(Records from a data source)
= Beginning of Section =
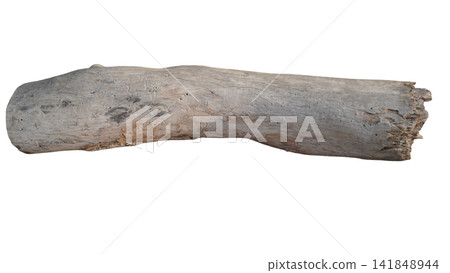 Rustic weathered textured driftwood timber log isolated on clean white background, nature concept Rustic weathered textured driftwood timber log isolated on clean white background, nature concept 141848944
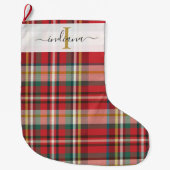 Plaid Rood Patroon Monogram Kerst Feestdagen Grote Kerstsok (Voorkant)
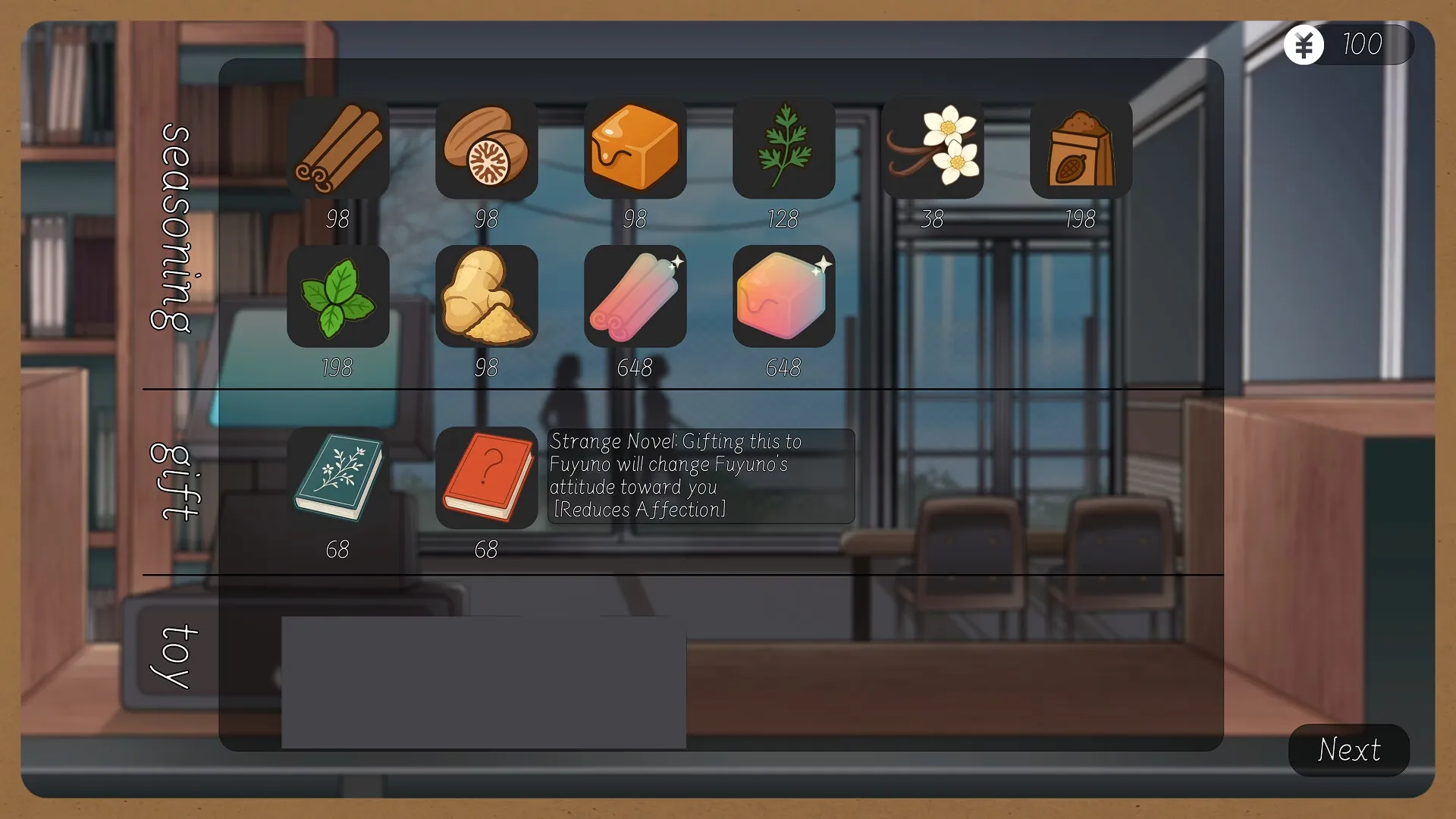 Serendipity Bookshop gameplay screenshot 1 (Unity adult game) by Cat Language/NekoGotoStudio – free download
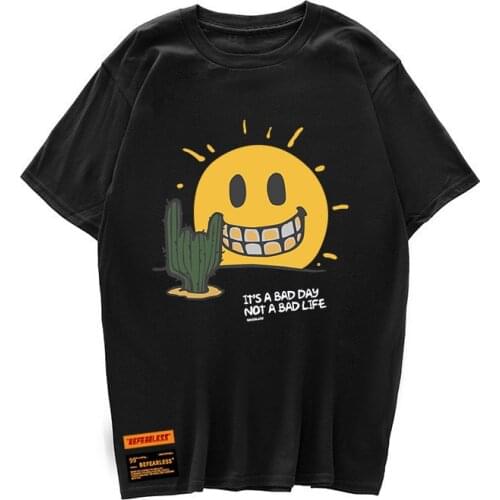 Funny Smile Sun Cactus Print Short Sleeve Tshirts Hip Hop Casual Streetwear T Shirts Tees Hipster Mens Harajuku Tops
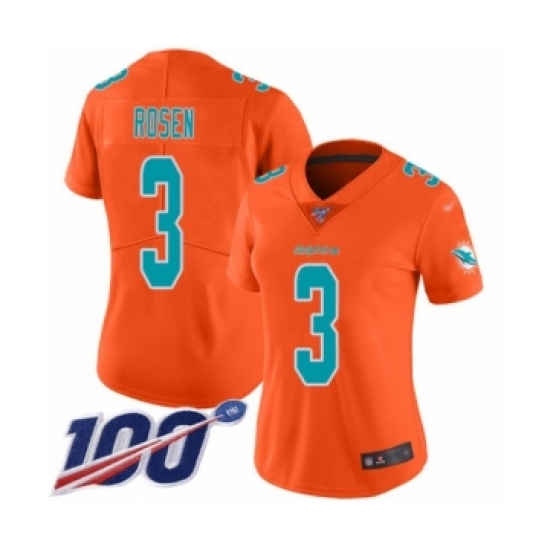Women's Miami Dolphins #3 Josh Rosen Limited Orange Inverted Legend 100th Season Football Jersey - Ujersey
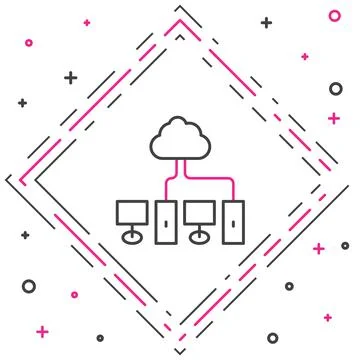 Line Computer network icon isolated on white background. Laptop network Stock Illustration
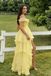 Sexy High-Low Chiffon Prom Gown Off-Shoulder Ruffled Layered Yellow Dress,OLP2124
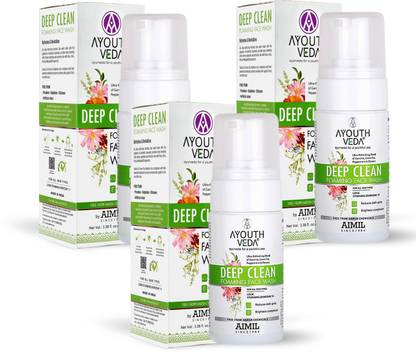 Ayouthveda DEEP CLEAN FOAMING (pack of 3)(100ml each) Face Wash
= End of Section =
Work instructions: Repeat the data above in full and exactly. Omit every image.

Solution to this problem:
 Rustic weathered textured driftwood timber log isolated on clean white background, nature concept Rustic weathered textured driftwood timber log isolated on clean white background, nature concept 141848944
 Plaid Rood Patroon Monogram Kerst Feestdagen Grote Kerstsok (Voorkant)
 Serendipity Bookshop gameplay screenshot 1 (Unity adult game) by Cat Language/NekoGotoStudio – free download
 Funny Smile Sun Cactus Print Short Sleeve Tshirts Hip Hop Casual Streetwear T Shirts Tees Hipster Mens Harajuku Tops
Women's Miami Dolphins #3 Josh Rosen Limited Orange Inverted Legend 100th Season Football Jersey - Ujersey
 Line Computer network icon isolated on white background. Laptop network Stock Illustration
 Sexy High-Low Chiffon Prom Gown Off-Shoulder Ruffled Layered Yellow Dress,OLP2124
 Ayouthveda DEEP CLEAN FOAMING (pack of 3)(100ml each) Face Wash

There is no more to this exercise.